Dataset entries
━━━━━━

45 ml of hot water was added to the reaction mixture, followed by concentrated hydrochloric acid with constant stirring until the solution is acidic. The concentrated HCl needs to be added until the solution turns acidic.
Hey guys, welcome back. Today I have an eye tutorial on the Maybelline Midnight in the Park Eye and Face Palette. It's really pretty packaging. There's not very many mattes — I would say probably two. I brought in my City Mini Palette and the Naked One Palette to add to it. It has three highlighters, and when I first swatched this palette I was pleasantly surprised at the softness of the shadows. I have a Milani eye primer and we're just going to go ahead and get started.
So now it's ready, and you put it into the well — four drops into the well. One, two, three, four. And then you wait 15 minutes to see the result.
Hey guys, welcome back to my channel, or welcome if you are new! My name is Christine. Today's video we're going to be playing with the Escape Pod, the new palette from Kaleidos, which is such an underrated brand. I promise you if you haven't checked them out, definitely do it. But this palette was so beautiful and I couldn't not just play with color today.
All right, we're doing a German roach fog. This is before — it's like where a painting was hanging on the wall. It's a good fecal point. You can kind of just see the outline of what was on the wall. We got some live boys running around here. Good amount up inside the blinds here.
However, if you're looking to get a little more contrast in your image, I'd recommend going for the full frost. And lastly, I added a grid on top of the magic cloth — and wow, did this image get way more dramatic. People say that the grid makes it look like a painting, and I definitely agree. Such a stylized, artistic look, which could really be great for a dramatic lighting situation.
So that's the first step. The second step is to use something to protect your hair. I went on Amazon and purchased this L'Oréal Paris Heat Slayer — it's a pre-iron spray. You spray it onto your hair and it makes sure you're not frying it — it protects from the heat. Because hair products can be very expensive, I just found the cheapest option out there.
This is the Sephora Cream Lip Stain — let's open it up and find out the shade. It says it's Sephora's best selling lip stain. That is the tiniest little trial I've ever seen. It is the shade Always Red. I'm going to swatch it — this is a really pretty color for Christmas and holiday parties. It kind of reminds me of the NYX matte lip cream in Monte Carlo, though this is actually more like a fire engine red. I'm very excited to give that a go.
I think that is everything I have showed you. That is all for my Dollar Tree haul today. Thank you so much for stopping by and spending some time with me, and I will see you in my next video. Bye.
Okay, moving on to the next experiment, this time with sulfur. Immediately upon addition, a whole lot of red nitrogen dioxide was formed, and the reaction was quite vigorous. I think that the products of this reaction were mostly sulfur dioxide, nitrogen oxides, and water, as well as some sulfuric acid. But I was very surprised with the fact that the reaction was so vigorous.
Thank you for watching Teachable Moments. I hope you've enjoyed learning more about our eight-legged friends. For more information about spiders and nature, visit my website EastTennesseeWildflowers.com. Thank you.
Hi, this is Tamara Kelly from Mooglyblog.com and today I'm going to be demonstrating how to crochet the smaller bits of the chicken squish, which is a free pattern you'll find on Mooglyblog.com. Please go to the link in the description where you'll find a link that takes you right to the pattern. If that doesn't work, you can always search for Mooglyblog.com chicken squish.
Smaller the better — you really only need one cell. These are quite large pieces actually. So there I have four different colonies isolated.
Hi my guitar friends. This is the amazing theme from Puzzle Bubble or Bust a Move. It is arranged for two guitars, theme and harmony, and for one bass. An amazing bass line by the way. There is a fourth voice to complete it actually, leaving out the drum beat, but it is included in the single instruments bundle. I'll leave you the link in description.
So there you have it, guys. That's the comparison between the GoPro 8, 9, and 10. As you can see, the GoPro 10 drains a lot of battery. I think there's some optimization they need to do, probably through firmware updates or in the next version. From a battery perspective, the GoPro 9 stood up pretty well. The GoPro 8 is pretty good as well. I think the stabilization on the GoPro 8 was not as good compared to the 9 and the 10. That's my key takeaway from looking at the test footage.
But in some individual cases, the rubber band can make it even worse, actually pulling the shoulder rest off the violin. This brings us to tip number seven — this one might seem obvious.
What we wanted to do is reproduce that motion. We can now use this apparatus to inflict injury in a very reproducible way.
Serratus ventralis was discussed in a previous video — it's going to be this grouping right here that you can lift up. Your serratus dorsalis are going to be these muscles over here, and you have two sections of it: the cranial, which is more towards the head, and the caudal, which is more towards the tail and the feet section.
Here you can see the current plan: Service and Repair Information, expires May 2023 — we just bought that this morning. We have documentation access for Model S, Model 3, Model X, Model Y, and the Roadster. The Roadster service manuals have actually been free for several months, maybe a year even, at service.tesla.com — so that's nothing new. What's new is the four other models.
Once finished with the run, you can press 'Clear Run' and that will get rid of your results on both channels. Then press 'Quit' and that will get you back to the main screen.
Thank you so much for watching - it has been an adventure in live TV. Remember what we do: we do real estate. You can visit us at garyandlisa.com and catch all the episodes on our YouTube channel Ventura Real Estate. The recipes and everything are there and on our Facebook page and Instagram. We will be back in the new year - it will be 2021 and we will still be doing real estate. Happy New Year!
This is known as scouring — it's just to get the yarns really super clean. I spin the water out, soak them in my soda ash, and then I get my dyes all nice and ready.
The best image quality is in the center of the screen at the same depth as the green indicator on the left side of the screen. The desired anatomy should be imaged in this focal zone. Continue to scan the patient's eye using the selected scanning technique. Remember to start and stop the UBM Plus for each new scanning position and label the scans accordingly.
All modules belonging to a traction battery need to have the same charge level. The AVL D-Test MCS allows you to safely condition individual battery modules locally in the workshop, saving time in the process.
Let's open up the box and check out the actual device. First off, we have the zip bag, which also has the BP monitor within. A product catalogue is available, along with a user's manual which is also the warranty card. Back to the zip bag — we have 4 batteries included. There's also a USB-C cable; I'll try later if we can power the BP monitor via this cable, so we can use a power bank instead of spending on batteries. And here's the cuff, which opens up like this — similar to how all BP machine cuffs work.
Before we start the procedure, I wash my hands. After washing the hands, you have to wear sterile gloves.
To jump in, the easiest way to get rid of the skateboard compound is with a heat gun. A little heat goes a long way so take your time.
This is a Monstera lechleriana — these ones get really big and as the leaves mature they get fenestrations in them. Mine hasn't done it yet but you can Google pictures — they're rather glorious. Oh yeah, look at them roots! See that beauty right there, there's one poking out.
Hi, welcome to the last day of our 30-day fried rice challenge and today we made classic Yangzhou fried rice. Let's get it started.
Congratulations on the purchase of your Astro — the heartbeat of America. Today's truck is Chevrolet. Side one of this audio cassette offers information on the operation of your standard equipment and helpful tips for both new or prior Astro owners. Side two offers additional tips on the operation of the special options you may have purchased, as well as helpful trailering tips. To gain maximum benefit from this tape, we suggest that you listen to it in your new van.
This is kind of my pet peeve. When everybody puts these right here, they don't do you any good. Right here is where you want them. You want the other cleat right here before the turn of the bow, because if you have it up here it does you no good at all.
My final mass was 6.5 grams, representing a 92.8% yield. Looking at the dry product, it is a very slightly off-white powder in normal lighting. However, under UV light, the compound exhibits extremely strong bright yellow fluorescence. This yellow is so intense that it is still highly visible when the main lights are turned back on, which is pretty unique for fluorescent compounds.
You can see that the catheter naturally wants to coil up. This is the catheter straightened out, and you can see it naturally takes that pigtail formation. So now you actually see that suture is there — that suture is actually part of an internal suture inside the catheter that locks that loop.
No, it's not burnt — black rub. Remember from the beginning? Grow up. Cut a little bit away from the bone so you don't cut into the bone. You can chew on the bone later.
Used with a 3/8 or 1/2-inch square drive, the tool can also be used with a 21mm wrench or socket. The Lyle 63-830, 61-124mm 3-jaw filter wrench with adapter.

━━━━━━

**TASK BRIEF:** Filter the records above, keeping each line that contains the word "quite".

**SOLUTION FOR THIS TASK:**
Okay, moving on to the next experiment, this time with sulfur. Immediately upon addition, a whole lot of red nitrogen dioxide was formed, and the reaction was quite vigorous. I think that the products of this reaction were mostly sulfur dioxide, nitrogen oxides, and water, as well as some sulfuric acid. But I was very surprised with the fact that the reaction was so vigorous.
Smaller the better — you really only need one cell. These are quite large pieces actually. So there I have four different colonies isolated.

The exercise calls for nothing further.